══ Supplied information ══

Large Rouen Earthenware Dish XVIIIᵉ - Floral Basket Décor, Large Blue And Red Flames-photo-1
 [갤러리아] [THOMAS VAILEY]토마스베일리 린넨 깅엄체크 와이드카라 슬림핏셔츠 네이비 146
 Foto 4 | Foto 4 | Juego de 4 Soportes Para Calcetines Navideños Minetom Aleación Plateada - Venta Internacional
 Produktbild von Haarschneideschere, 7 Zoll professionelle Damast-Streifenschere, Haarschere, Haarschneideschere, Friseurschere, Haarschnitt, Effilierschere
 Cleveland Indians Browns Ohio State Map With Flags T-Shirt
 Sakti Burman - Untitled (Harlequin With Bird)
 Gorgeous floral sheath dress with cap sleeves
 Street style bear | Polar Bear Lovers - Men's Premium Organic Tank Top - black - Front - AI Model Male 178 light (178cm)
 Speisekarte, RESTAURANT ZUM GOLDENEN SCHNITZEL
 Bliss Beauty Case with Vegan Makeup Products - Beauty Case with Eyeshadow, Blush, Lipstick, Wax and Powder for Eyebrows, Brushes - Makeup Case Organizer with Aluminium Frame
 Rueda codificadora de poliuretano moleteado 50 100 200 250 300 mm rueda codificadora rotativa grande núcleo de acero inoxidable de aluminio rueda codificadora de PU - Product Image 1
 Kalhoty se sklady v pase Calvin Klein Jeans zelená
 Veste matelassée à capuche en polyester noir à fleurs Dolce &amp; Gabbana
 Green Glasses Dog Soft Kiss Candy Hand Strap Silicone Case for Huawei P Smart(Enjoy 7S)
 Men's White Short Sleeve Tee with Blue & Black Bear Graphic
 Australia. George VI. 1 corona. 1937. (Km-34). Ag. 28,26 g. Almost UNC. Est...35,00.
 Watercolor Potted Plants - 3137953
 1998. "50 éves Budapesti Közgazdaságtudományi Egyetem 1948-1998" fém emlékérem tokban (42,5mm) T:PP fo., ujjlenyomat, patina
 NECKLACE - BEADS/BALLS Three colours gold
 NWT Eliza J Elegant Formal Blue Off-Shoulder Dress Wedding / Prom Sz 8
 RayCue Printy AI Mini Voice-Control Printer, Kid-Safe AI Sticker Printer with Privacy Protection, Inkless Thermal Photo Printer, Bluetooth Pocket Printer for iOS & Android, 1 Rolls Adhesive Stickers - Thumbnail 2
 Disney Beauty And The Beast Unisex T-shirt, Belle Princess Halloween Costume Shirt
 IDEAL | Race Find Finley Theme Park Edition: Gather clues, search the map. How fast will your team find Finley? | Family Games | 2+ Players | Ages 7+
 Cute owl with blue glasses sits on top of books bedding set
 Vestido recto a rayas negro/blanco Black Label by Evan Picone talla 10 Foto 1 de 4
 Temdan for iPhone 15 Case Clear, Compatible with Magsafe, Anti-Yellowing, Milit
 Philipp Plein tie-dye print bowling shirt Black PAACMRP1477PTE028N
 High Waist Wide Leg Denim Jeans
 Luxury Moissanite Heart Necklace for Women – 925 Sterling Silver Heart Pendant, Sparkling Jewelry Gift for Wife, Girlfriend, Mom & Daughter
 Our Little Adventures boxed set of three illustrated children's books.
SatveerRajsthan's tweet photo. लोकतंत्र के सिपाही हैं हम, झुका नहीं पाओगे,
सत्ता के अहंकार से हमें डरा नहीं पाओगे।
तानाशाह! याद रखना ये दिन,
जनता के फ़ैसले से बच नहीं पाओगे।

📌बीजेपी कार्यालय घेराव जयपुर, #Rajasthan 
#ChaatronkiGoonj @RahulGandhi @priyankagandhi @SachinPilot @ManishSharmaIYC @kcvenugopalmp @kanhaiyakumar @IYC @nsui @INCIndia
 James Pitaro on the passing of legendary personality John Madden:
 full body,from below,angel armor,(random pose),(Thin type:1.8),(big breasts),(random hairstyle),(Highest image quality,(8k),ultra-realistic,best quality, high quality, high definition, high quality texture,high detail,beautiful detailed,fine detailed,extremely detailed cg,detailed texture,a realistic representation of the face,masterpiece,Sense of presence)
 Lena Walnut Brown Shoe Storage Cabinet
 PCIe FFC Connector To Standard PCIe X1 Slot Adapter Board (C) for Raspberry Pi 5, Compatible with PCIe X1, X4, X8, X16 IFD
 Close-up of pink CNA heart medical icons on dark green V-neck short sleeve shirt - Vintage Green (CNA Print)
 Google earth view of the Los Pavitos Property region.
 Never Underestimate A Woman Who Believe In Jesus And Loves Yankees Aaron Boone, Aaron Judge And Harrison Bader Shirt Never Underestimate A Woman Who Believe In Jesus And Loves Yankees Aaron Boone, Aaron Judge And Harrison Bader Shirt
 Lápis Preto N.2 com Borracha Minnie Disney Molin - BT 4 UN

═══

- **Your objective**: All lines in the listing above between the line with "SatveerRajsthan's tweet photo." and the line with "James Pitaro on", inclusive, should be set down exactly, and no line outside that range.

- **Task answer**:
SatveerRajsthan's tweet photo. लोकतंत्र के सिपाही हैं हम, झुका नहीं पाओगे,
सत्ता के अहंकार से हमें डरा नहीं पाओगे।
तानाशाह! याद रखना ये दिन,
जनता के फ़ैसले से बच नहीं पाओगे।

📌बीजेपी कार्यालय घेराव जयपुर, #Rajasthan 
#ChaatronkiGoonj @RahulGandhi @priyankagandhi @SachinPilot @ManishSharmaIYC @kcvenugopalmp @kanhaiyakumar @IYC @nsui @INCIndia
 James Pitaro on the passing of legendary personality John Madden:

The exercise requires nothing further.